さて、季節がかわり冬になるとBさんが入社されました。Bさんも中途採用の方で前職の業界がとても近いため、その経験が買われての採用になったと聞いていました。Bさんが入社後に部署のプロジェクトを把握頂くため、いくつかの会議にオブザーバーとして参加いただきました。私がリーダーを務めていたプロジェクトで、外部の協力会社の方との会議に参加していただいた時のことです。このプロジェクトはBさんの専門分野とは全く別物であったため、私はBさんに対して「頼むから余計なことは言ってくれるなよ」と思っていました。そんな中、Bさんが発言した内容が、他社の方には意図がわからず、議論が錯綜する事態になってしました。私が両者の間をフォローしつつ、何とか会議を終えた時に、「なんでこの人は会議前に説明したことや、背景を理解していないのだろう。自分が最終的に関わらないシステムの仕様にまで 絶対こうすべきだ! なんて断言する意味が分からない。そもそも分からないなら発言するなよな。 」とすごく疲れて、Bさんとは仕事をしたくないと思っていました。つまり私は、『Bさんが会議に発言したこと』に対して不満を抱いてた、ということでした。

Bさんとの会議があった日の帰りの電車です。今日の仕事や自分の気持ちなどを振り返っていた私は、Aさんとの会議で抱いた気持ちを思い出しました。そうです、これが私の二面性でした。ある場面では「中途採用の人間は即戦力なので、会議で発言すべきだ!」と思っているし、別の場面では「中途採用の人間は状況が分からないので、会議で発言すべきでない!」と思っているわけです。つまり、自分にとって都合の良いように自分のなかの考えを出し入れしていて、さらにその価値観が矛盾していることに気が付いていないのです。もちろん、AさんとBさんの状況や会議の内容が違うので直接比較できないことかもしれませんが、この矛盾は自分がまだ 『べき論 で他人をコントロールしようとしている』ことや、『べき論 を自分にとって都合いいよう解釈し使っている』ことを示していると思います。

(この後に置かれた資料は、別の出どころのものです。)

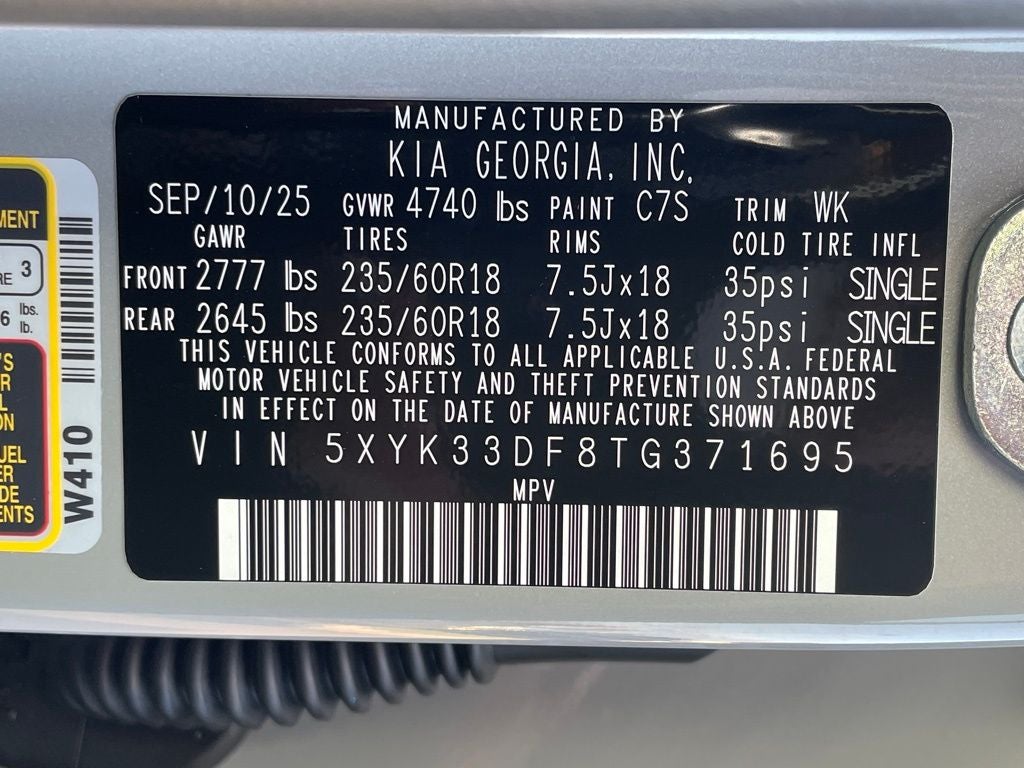 2026 Kia Sportage EX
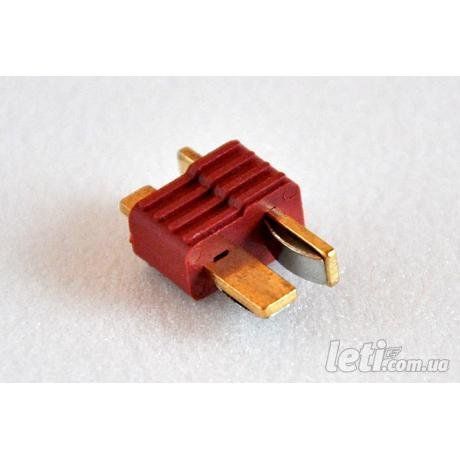 Роз'єм T-Connector Nylon Male 106 фото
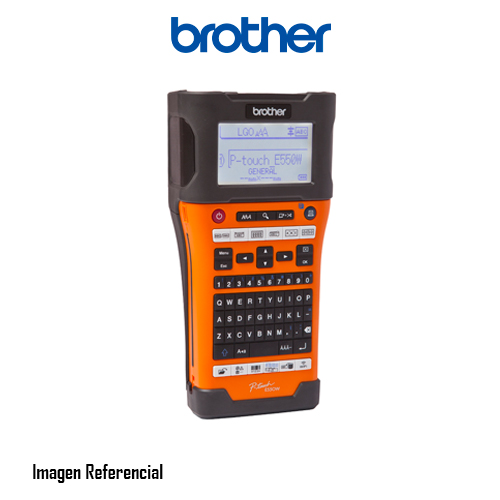 ROTULADORA BROTHER PTE550WVP  PTE550W  INDUSTRIAL PORTÁTIL WIFI - P/N: PTE-550WVP
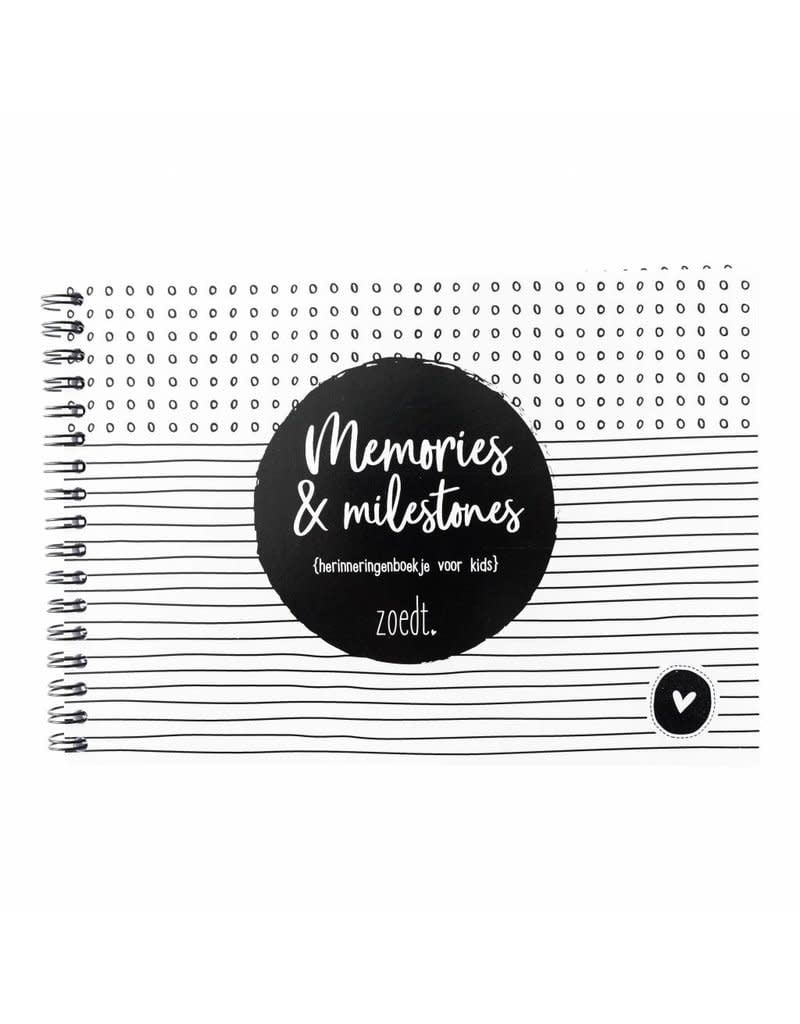 Memories en Milestones - Bijzondercadeau.nl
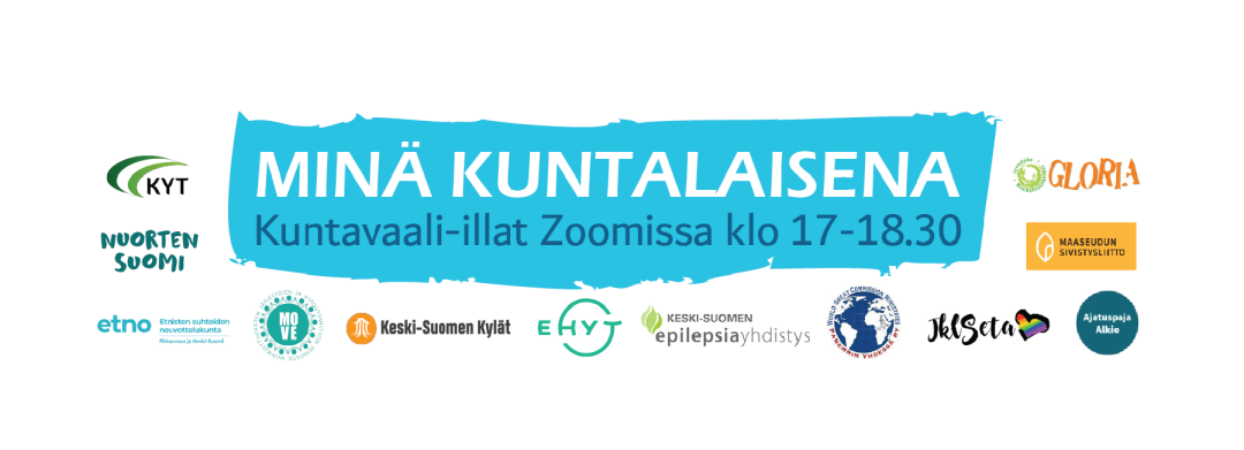 Järjestöt ja kuntalaiset haastavat ehdokkaita kuntavaali-illoissa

そんな自分に気が付いた私は、この自己矛盾に愕然としつつ、自分の二面性に気が付く良い機会だと切り替えました。その後、幸いにしてAさんとはとても良い関係性を築くことができ、先日「自分はこの会社に入社出来て本当に良かったです!」と笑顔で言ってもらえました。一方でBさんとの距離感は正直測りかねている部分はあります。ですが、自分にはないBさんの専門性を尊重しつつ良い距離感で仕事ができるよう関係性を築いていきたいと日々試行錯誤しております。たんとすまいるでの学びを数年続けてきた自分ですが、まだまだ学びの「のびしろ」があります。暴力につながらない価値観や選択肢が、自分からにじみでるには、もっとやるべきことがあることを再確認できた出来事でした。

 

写真は、近所の神社に咲いていた里桜です。春に生まれた私にとって、桜は特別な存在でした。毎年、満開の桜をみると自分の誕生を祝福してくれているような、そんな気持になっていました。今年の満開の桜は、きっと数年後に思い出せるくらい、色鮮やかでした。この気持ちを思い出せるようになったのも、私に学びのきっかけをくれた元妻さんや、学んでいる私を信じてくれた新しい家族、たんとすまいるの仲間たちのおかげです。この感謝を忘れず、学び続けていきたいと思います。